Cosby is facing a defamation lawsuit from seven women over statements from his reps that the assault claims were "fabricated," "ridiculous" and "absurd." In October 2015, Mastroianni allowed the lawsuit to proceed by declining Cosby's motion to dismiss.
Last month, Joseph Cammarata, the attorney for the women, filed a motion for partial judgment on the pleadings.
Cammarata pointed to Cosby's generalized responses in the answer to the complaint. There, Cosby's lawyers addressed various allegations by asserting they were either "conclusions or characterizations of law and therefore no response is required."
The lack of specific denials, argued Cammarata, was a violation of civil procedure. The judge was asked to rule that Cosby admitted being liable for the publication of the statements, that the public knew that Cosby's representatives were speaking for Cosby, that the statements were widely and foreseeably republished, that the statements are of and concerning the plaintiffs and that Cosby and his representatives acted with intent to cause the women emotional distress.
On Friday, Mastroianni denied the motion.
The judge's order states he "rejects Plaintiffs' claim that a judgment on the pleadings is the relief available for these assertions of deficiencies in Defendant's answer."
Mastroianni also notes that Cammarata's arguments would have been more properly brought as a motion to strike and knocked Cammarata for making an untimely challenge.
The civil case is taking a backseat to the criminal one that Cosby is facing in Pennsylvania for allegedly sexually assaulting ex-Temple University employee Andrea Constand. But discovery and other activity in the defamation case proceeds.

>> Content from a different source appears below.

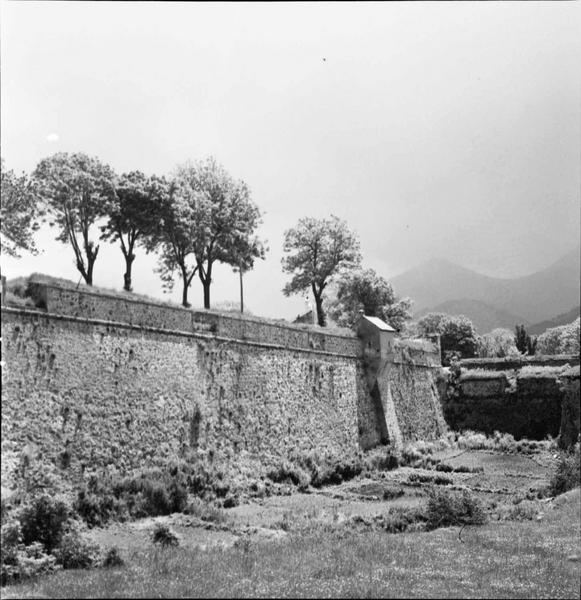 Fossé ; contrefort surmonté d'une guérite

In the Constand case, a Pennsylvania appeals court this week turned down an attempt by Cosby's lawyers to review how the prosecution could only be proven through hearsay evidence. Nevertheless, Cosby's team has come forward with a protest to an alleged violation of the entertainer's due process rights.
There are more big fireworks to follow in the Constand case, which is currently scheduled to go to trial in the middle of next year.
For example, a status report filed on Oct. 11 in the defamation lawsuit stated that Cosby has until Nov. 8 to file a motion to change venue in the criminal matter. Cosby could potentially see some advantage to moving the Constand case away from Montgomery County, Pa., where his nonprosecution for more than a decade became a politically charged issue in the election of the district attorney, who now is pursuing the entertainer.